In Urology, for treating testicular cancer, an orchidectomy through an inguinal approach should be performed, including the ligature of spermatic cord as high as possible, in order to avoid any remote dissemination. The scrotum approach would be a mistake.

For treating bladder carcinoma, in male patients, cystectomy is a radical prostato-cystectomy with a possible ileal bladder reconstruction. The external sphincter is preserved and the patient can re-educate himself and obtain correct bladder autonomy (occasionally with night incontinence).

Among women, such an artificial bladder is difficult to realise since the external sphincter is difficult to isolate. Very often, an external derivation is mandatory with a trans-ileal pseudo-bladder called a Bricker intervention and the use of urinary external appliance. (Bricker EM. Bladder substitution after pelvic evisceration. Surg Clin North America. 1950; 30: 1511-2).

The good good positionning of the stomy, its regular maintenance and the patient's education necessitate the presence of a stomatherapy nurse. Over and above their purely technical role, these nurses offer help and psychological support which are essential when facing such mutilation.

Limits of such en bloc surgery.

However, this concept is often difficult to apply, thus explaining many surgical failures.
For ovarian carcinoma, which is clinically manifested by a diffuse peritoneal carcinomatosis, the importance of excision and of residual tumours left after the first surgical procedure, is the major prognostic factor just after staging. Thus, an optimal resection is the goal of such surgery.

The surgeon’s aggressiveness, the correct patient preparation (intestinal preparation) and the duration of the surgical procedure have a positive influence on survival. However, it is clear that a macroscopically complete excision of any tumour lesion does not provide the assertion that no microscopic lesions remain. For these reasons, some surgeons have proposed a complete excision of the parietal and parenchymentous peritoneum: however this excision induced many complications with difficult operative recovery which delayed the mandatory adjuvant chemotherapy. Such surgical procedures have, therefore, been abandoned.

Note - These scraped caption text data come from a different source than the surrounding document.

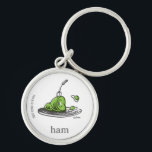 Dr. Seuss | Green Eggs and Ham Keychain<br><div class="desc">This officially licensed Dr. Seuss design features a fun, classic illustration of the iconic green eggs and ham on a platter. The artwork highlights the famous green ham with a fork resting inside, alongside the bouncing green eggs, and is finished with the simple word "ham" and the authentic Dr. Seuss...</div>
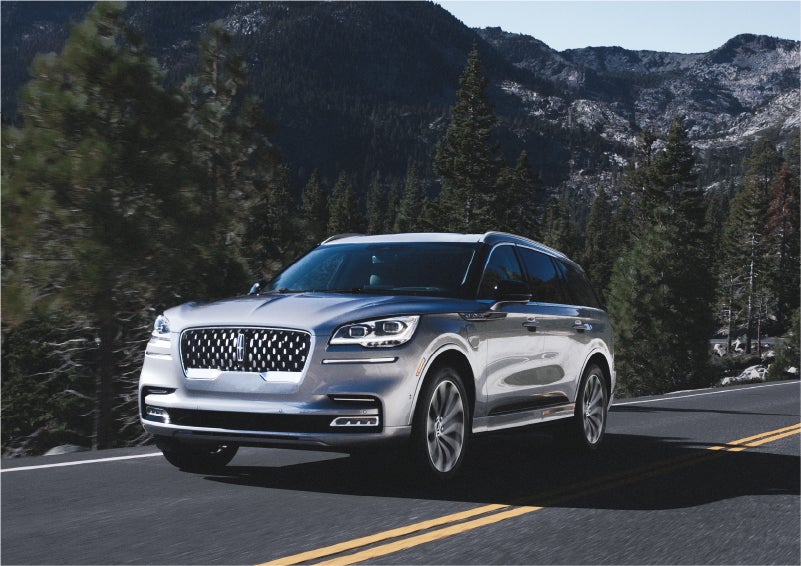 A 2023 Lincoln Aviator® Grand Touring SUV being driven on a winding road to demonstrate the capabilities of all-wheel drive | Duncan Lincoln in Blacksburg VA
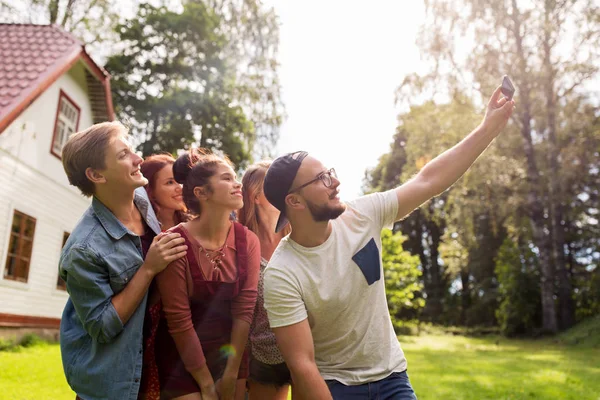 Friends taking selfie at party in summer garden — Stock Photo, Image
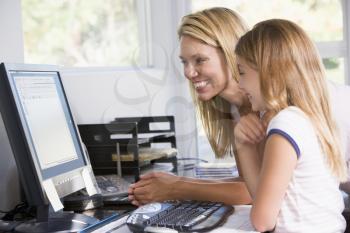 Royalty Free Photo of a Woman and Daughter at the Computer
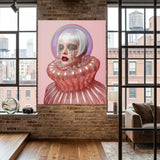A large vertical artwork displayed in an acrylic glass frame featuring a stylized portrait of a woman with platinum white hair, a pink background, and a glossy pink ruffled collar, displayed on a brick wall in a modern loft room with windows and a sofa.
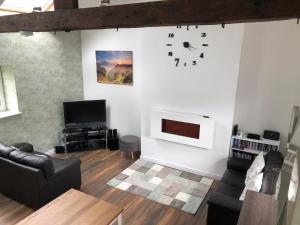 a living room with a couch and a clock on the wall at Plough Cottage in Bradfield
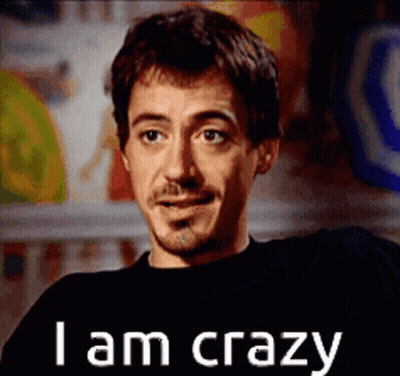 A Man With A Beard And Mustache Is Smiling And Says I Am Crazy GIF
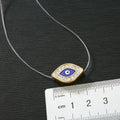 Gold Tone Crystal Framed Blue Evil Eye Invisible Cord Necklace view 4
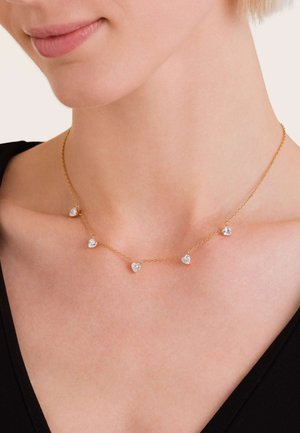 Gouden ketting met vijf hartvormige accenten met heldere stenen, tentoongesteld op een halslijn tegen een zwarte kledingstuk.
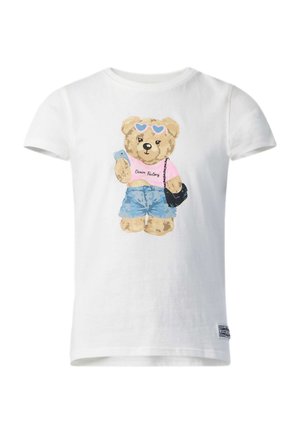 T-shirt blanc avec un ours en peluche portant des lunettes de soleil en forme de cœur, un haut rose, un short en jean et un sac noir à bandoulière.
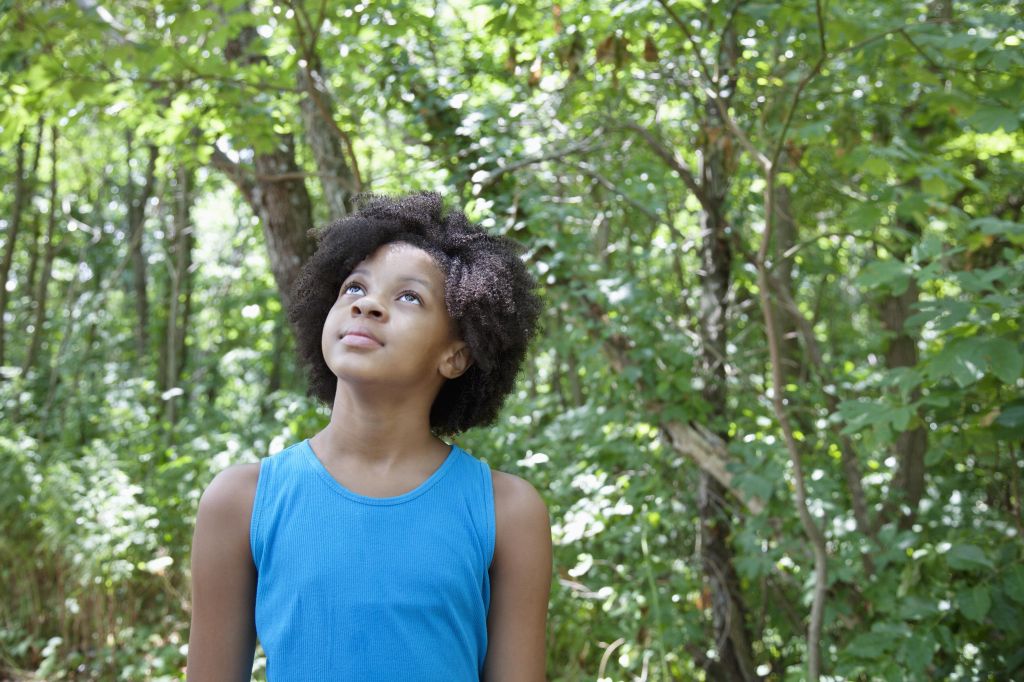 Young african american girl standing in a forest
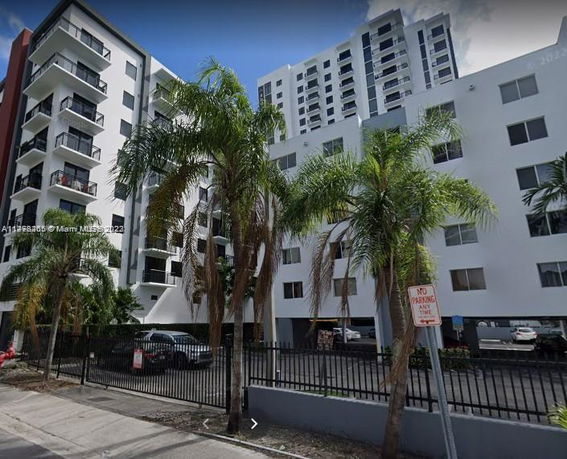 Front view of a multi-story apartment building with balconies.
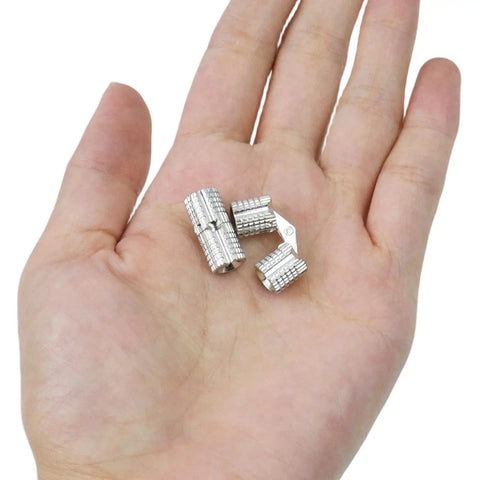 Brass Concealed Barrel Hinge Set For Cabinets And Jewelry Boxes With 180 Degree Opening Hidden Hinges For Wooden Boxes And Furniture 8mm Diameter Pack Of 8 Coshar shown in a hand.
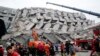 Rescue workers search a collapsed building from an early morning earthquake in Tainan, Taiwan, Feb. 6, 2016. 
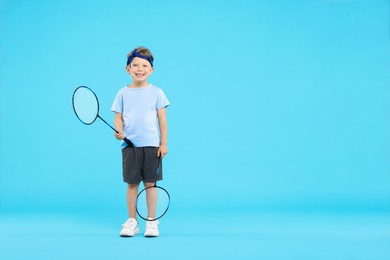 Photo of Little boy with badminton rackets on light blue background, space for text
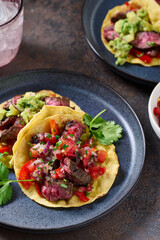 Skirt steak tacos with corn tortillas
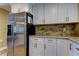 Close up of a kitchen featuring stainless steel fridge, white cabinets, and granite countertops at 4174 14Th Ne Ln, St Petersburg, FL 33703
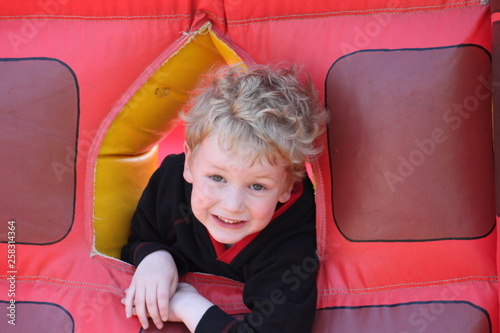 Portrait of little boy on a bouncy castle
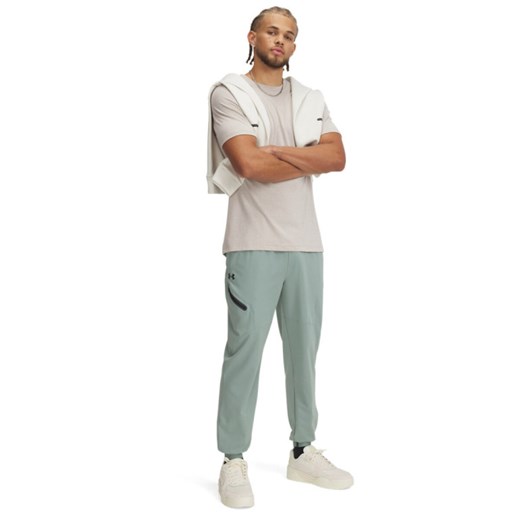 Męskie spodnie treningowe Under Armour UA Unstoppable Joggers - zielone ze sklepu Sportstylestory.com w kategorii Spodnie męskie - zdjęcie 186512226
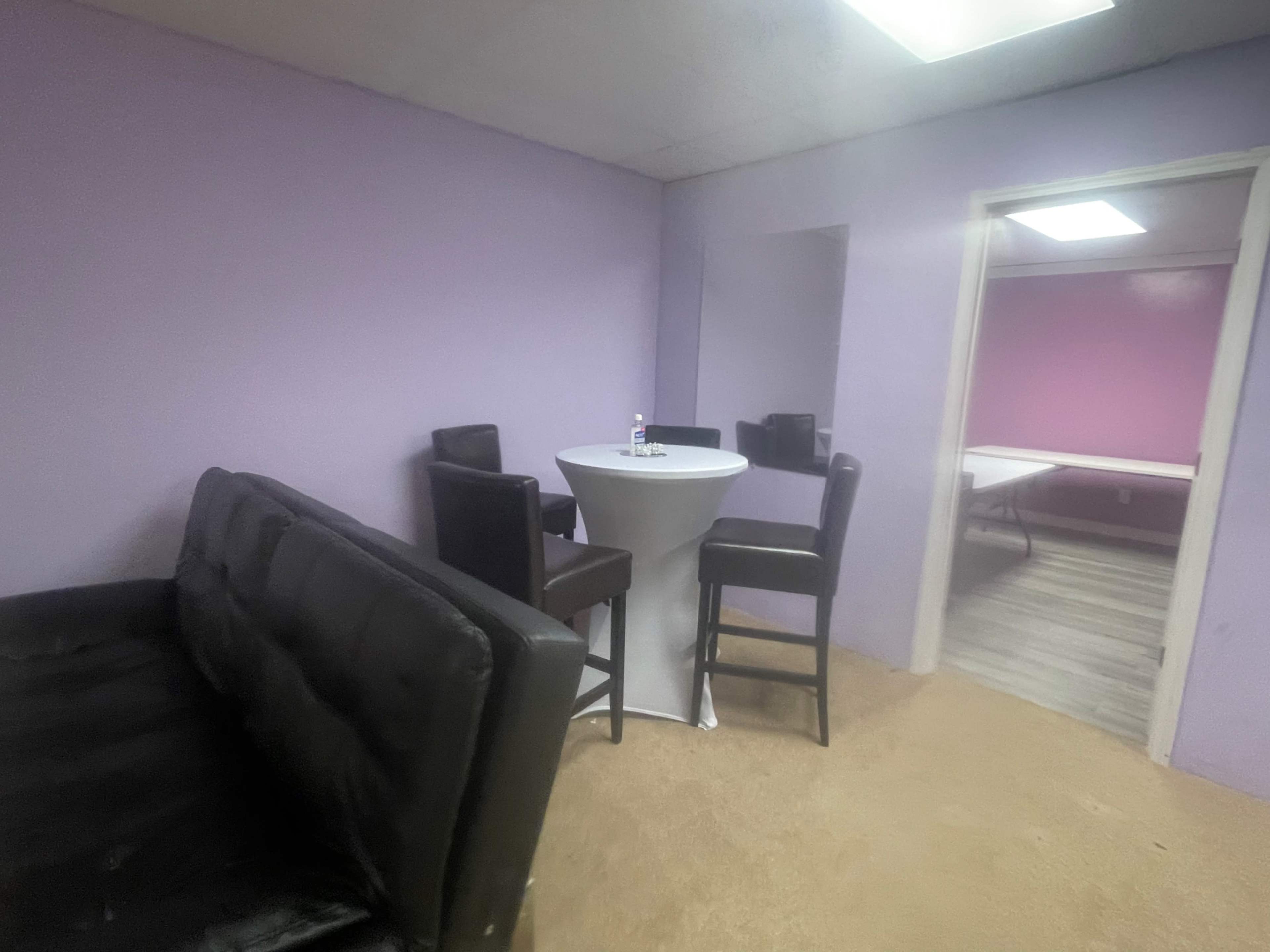 A small room with purple walls, featuring a round table surrounded by tall chairs, a black couch, and an adjoining room with a table visible.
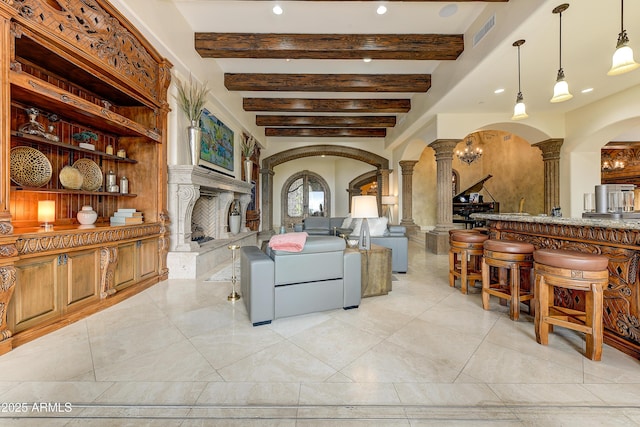 interior space featuring arched walkways, a high end fireplace, visible vents, and ornate columns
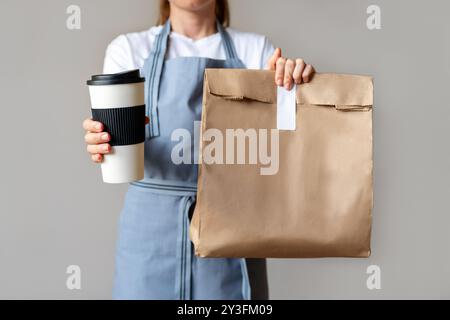 Cibo da asporto e bevande. Una donna in grembiule blu tiene in mano una tazza da caffè da viaggio e un sacchetto di carta riciclata con cibo Foto Stock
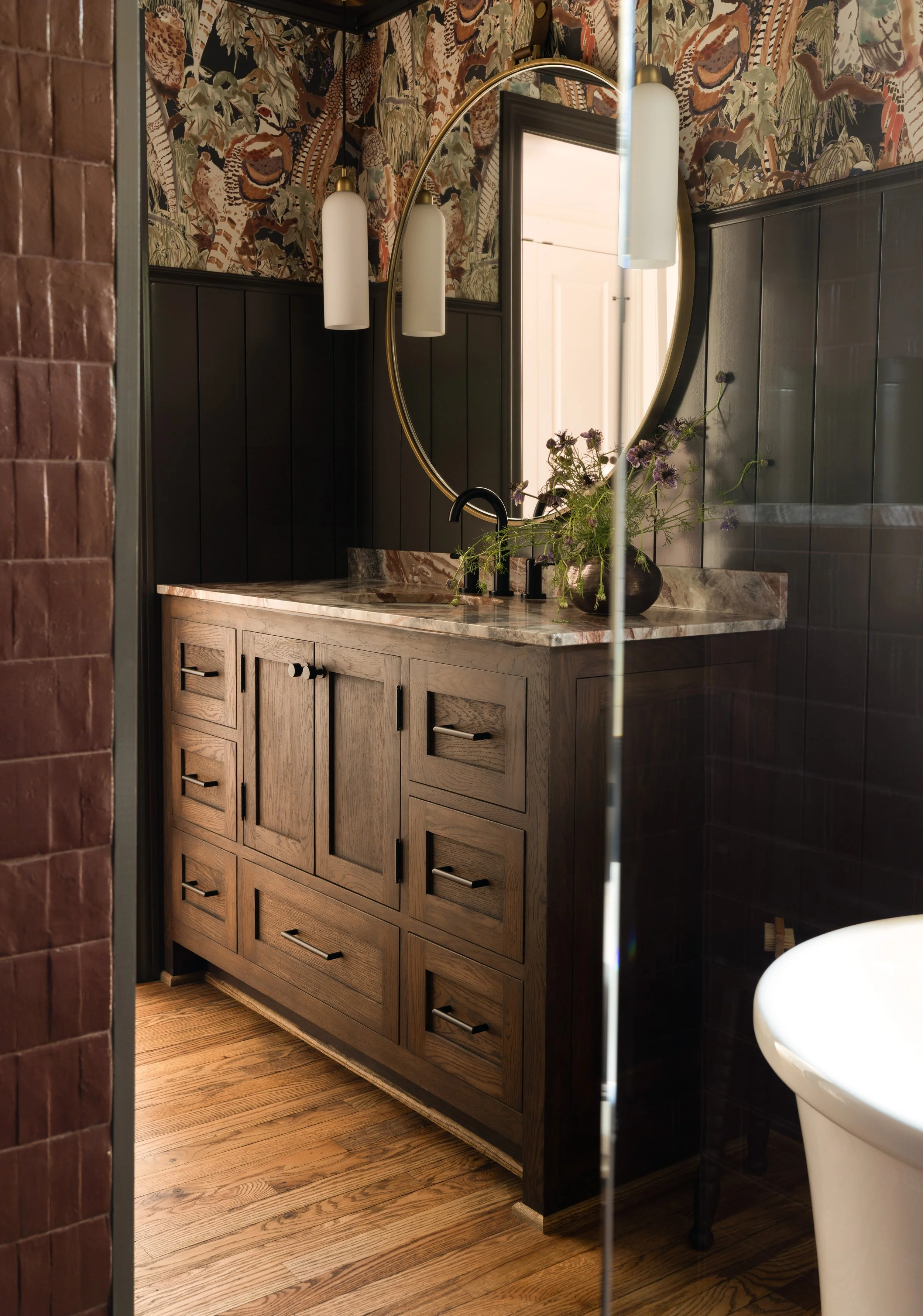 Bathroom vanity with wooden cabinet, marble countertop, circular mirror, and floral arrangement, with background wallpaper and pendant lights.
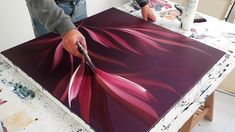 a man is painting an abstract flower on a piece of art with acrylic paint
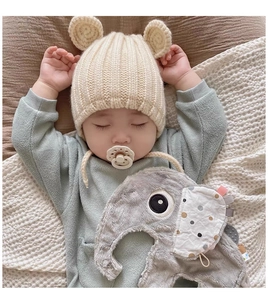 Detail of gray plush elephant security blanket with colorful tags for baby soothing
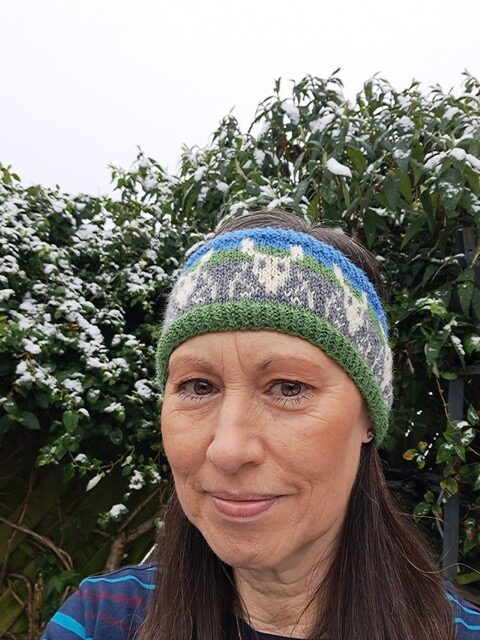 Woman wearing woolen headband knitting kit made from border leicester yarn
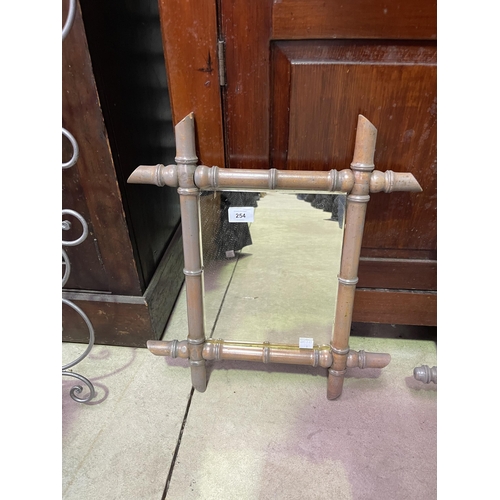 Small faux bamboo mirror. approx 49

For tumours where complete excision was impossible at the time of first surgery, an interim laparotomy with complete tumour excision, if the tumour responds well to chemotherapy, improves patient survival.
For prostate cancer, the radical prostatectomy will be performed but at the same time the surgeon will try to protect erection nerves and urinary continence. Thus, quite often, the limits may be pathological and an adjuvant local radiotherapy is necessary.

In Head and Neck surgery, the anatomical limits are often very close to the excision limits. Complementary radiotherapy is therefore frequent.

Role of node curage (lymphadenectomy)

Our discussion does not concern necessary lymphadenectomy carried out because of clinically invaded nodes and for which the excision is presumed to have a therapeutic value.

The goal of systematic lymphadenectomy is to determine the evolutive potential of the cancer. Node invasion is one of the best prognostic factors: the more positive nodes are, the poorer the prognosis.
Curage is carried out starting from the tumour and according to the general observation of successive node invasion from one level to the next. 'Skip metastases' (metastases that 'jump' a level) are rare no matter what type of cancer is involved.

In general, lymphadenectomy only concerns the first levels, since, beyond them, the cancer is considered as already potentially metastatic. The surgical excision of invaded nodes does not seem to modify prognosis (no clear clinical study in favour of this attitude), but will provoke major negative consequences.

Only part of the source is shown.